Poppy chewed thoughtfully, swallowing her small bite and then setting her spoon in her bowl. “Are you calling me precious china?” She scratched my dog on the head. “I grew up hunting and fishing these woods, I bet you I’m a better shot than you are, Maverick.”

She arched her eyebrow in challenge.

“Oh really?” I teased. “Guess we’ll see about that come morning.”

“We will, best of ten makes dinner tomorrow.”

And with that sentence my heart clambered dangerously out of my chest.

A tomorrow with Poppy.

I’d never survive.

CHAPTER SIX

Poppy

The soft, haunting strains of violin music woke me from a dream. Stuck up on the ridge, I smiled softly as I woke and snuggled into a mountain of soft pillow that smelled like leather and pine.

My eyes shot up, the realization that I was not actually dreaming but living a real waking nightmare pulsed through me.

Maverick. The storm. The dog. It was all real.

I rolled in the oversized bed, realizing that it wasn’t the dream that smelled like leather and Maverick, it was me.

He’d insisted I sleep in his master bed last night, promising he wouldn't be far away on the couch, just one floor away.

The soft sounds of violin music wafted into my psyche then. Apparently I had not been dreaming of that.

“No way does a man like that play the violin,” I said to myself, pushing Maverick’s blanket off of me and crawling out of bed.

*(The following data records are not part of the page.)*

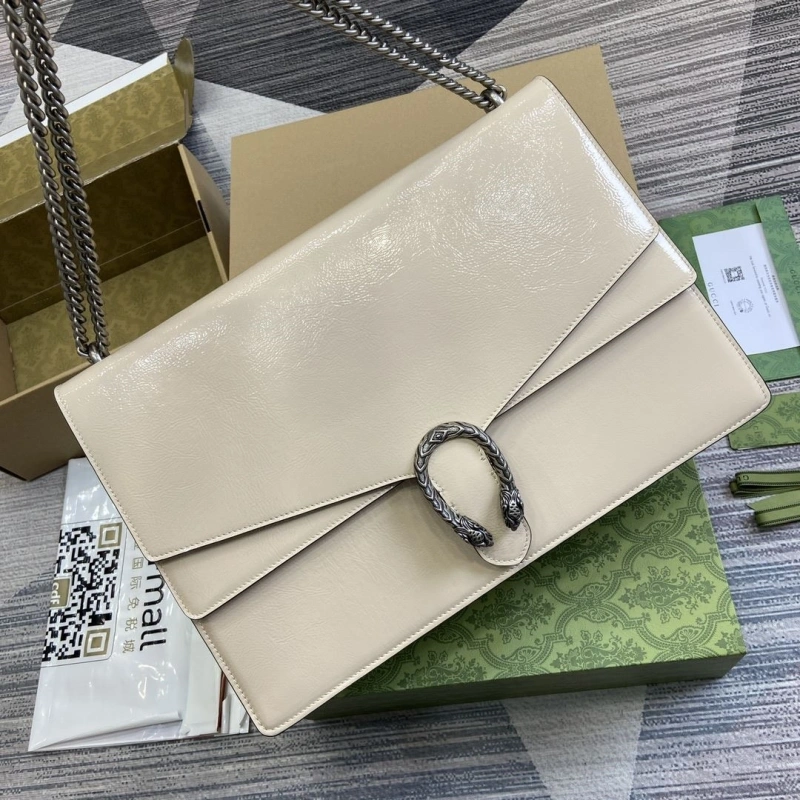 Gvc*1 top handle bags 4360c-1751
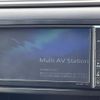 toyota vellfire 2010 CFJ1787805 image 3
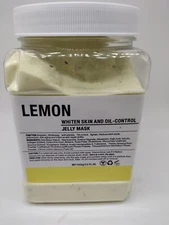 Dr-Meinaier Jelly Mask Hydrating Anti-wrinkle Oil Control Face Peel Spa 23 OZ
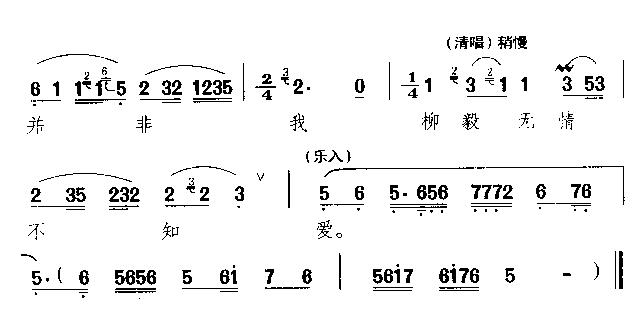 �軨�׸���һ��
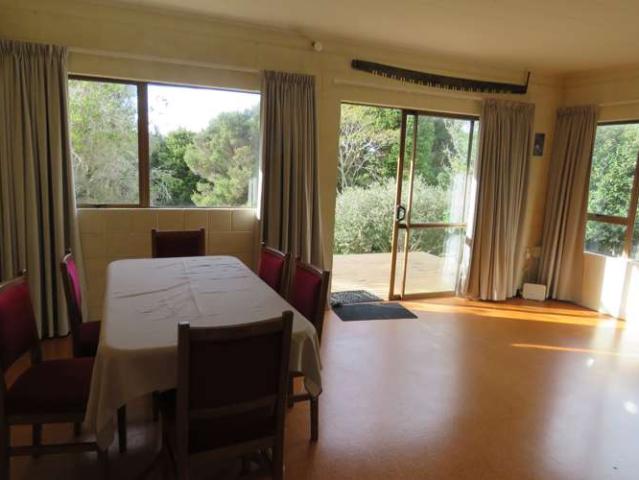 House for sale in Karetu, Northland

I padded across the room and stood at the door. The crack was small, only pure darkness beckoning me. And soft strains of a violin.

I opened the door, walking barefoot across the smooth floorboards. The loft area opened up widely, moonlight finally stretching through the windows. Most of the silver light was swallowed by the shadows of the evergreens that wintered outside Maverick’s home.

The soft steady breathing of Maverick, sound asleep on the leather couch below me, drew me in. I imagined what it would be like sleeping next to a man like that, big enough to swallow my body whole three times in the shadow he cast. He was warm but with a wild edge, an amusement in his eyes when he teased me that made my stomach flutter like a schoolgirl.

I’d never fully understood why exactly my father and Maverick detested each other, but I could see why some men might be rubbed the wrong way by the way Maverick filled up a room. He demanded you take notice, towering over everyone, and with a voice rougher than sandpaper and a beard thick and full.

More violin music crowded into my brain, shoving out the thoughts of Maverick sleeping below.

I crossed the loft to the opposite corner of the floor, determined to find the radio that Maverick must have left on before falling asleep.

Rain dripped down the windows as I passed, my fingertips cool against the panes as I imagined watching the storms come in off the mountains.

I could almost see a life up here on Lovers Ridge.

Violent shrieks of a violin pierced my eardrums just as my palm landed on the door knob of a cracked door.

A rush of cool air washed through me, energy crackling in my veins like rogue fireworks before the door slammed closed against my fist with force.

“What in the world?” I tried the knob, surprise coursing through me when I realized it was locked.

No violin music, and a force on the other side of this door trying to prevent me from entry.

I jiggled at the lock again, grunting softly when I realized it wasn’t about to budge.